A Tk4,298 crore elevated expressway stretching from Lalkhan Bazar to Patenga was opened in August 2024 to ease one of Bangladesh's most chronic urban traffic crises - yet more than a year later, most city residents cannot use it. Incomplete ramps, stalled by bureaucratic friction between the Chattogram Development Authority, Bangladesh Railway, and Chattogram Wasa, have left the expressway operating at roughly one-fifth of its projected daily traffic volume. The project deadline has been pushed to December 2026, and whether that target holds depends on cooperation that, so far, has not arrived.
A Structure in Place, a City Still Stuck
The main carriageway carries freight and port-bound vehicles, but the residents of Chattogram's commercial and residential core - areas like GEC, Agrabad, and 2 No Gate - have seen little relief. Of the nine planned ramps, construction is active only at Fakirhat, CEPZ, and KEPZ. Four ramps are reported to be around 95% structurally complete but remain sealed because approach roads and toll booths have not been installed. The GEC ramp, which would connect Kohinoor City to Wasa Mor and serve as a critical entry point for central city commuters, is stalled at roughly 70% completion.
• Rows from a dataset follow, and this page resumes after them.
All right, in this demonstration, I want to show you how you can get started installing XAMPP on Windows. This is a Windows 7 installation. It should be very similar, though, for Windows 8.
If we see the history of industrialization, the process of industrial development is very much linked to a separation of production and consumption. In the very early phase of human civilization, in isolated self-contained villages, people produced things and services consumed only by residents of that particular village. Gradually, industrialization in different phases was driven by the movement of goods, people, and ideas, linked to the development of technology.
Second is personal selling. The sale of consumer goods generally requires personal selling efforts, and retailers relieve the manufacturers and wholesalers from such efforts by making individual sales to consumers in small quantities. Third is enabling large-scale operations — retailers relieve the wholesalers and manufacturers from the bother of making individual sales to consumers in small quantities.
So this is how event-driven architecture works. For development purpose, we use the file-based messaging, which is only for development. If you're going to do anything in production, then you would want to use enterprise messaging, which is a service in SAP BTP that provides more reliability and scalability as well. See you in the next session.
The shortfall in usage is stark. The project's feasibility study projected 39,388 vehicles per day for 2025. Actual daily traffic that year stood at 8,121 - about 20% of that figure. By 2026, usage has climbed past 10,000 daily, but the gap between expectation and reality reflects not a failure of demand but a failure to make the infrastructure accessible. Residents like Iqbal Ehsan, who commutes daily from 2 No Gate to Agrabad, continue to sit in surface-level congestion on roads that the expressway was built to relieve.
Two Bottlenecks, Two Agencies, One Outcome
The GEC ramp is blocked by a drinking water pipeline and regulator valve belonging to Chattogram Wasa. CDA paid approximately Tk3.5 crore for the relocation in June of last year. Ten months later, no visible progress has been recorded on the ground. Wasa's Managing Director has attributed the delay to the need to import equipment, a claim the project director has described as "extreme negligence." The contradiction is straightforward: payment was made, an obligation was established, and it has not been met.
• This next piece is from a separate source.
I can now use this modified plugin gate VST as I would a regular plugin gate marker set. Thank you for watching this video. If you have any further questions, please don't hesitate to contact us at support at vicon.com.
The Agrabad ramp presents a different but equally paralysing obstacle. CDA has paid roughly Tk12 crore to Bangladesh Railway for 22 decimals of land in the Debar Par area, covering licence fees, security deposits, VAT, and taxes. An agreement was signed two months ago. The land has still not been handed over. Railway officials cite pending compensation for structures on the plot; CDA maintains that responsibility lies with the Railway to resolve. In the meantime, construction - which would require at least six months after land handover - has not begun. Even if the land were transferred immediately, completing the Agrabad ramp before December 2026 would require every subsequent step to proceed without interruption.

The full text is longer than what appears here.